Home Composting for Beginners: Hot vs Cold, C:N Ratios, and Troubleshooting

All composting is microbial decomposition of organic matter, but the temperature at which this decomposition occurs has profound effects on the speed, quality, and safety of the finished product. Cold composting is the default mode of most garden heaps: material is added gradually as it becomes available, the heap is rarely turned, and decomposition proceeds slowly at ambient temperatures — typically 10–20°C in a British garden.

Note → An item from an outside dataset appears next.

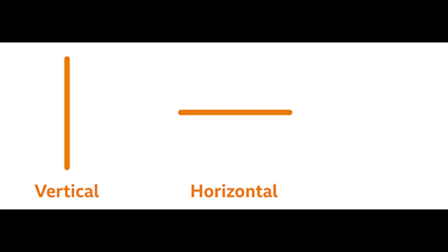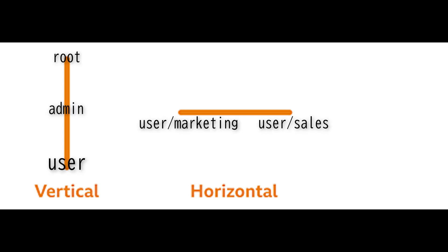There are two types of privilege escalation: vertical and horizontal. Let's keep this simple. Horizontal privilege escalation involves gaining access to accounts with privileges that are similar to the one the attacker has.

A cold heap can take 12–18 months to produce usable compost and will not reach temperatures sufficient to kill weed seeds (most weed seeds survive below 55°C) or pathogens. The advantages are minimal effort and the ability to add material at any time. Hot composting is an actively managed process in which a sufficiently large volume of correctly balanced material is assembled, moistened, and turned regularly to maintain the aerobic conditions in which thermophilic (heat-loving) bacteria thrive. When conditions are correct, the centre of a hot heap reaches 55–70°C within 48–72 hours of turning, held at these temperatures for long enough to kill weed seeds and most pathogens. A well-managed hot heap can produce finished compost in as little as 6–8 weeks. The minimum viable volume for hot composting is approximately 1 cubic metre (1 m × 1 m × 1 m) — below this, heat dissipates too rapidly from the surface for the centre to reach and maintain temperatures. This volume requirement means hot composting is more practical with a dedicated bay system or a large tumbler composter than in a standard plastic dalek-style bin.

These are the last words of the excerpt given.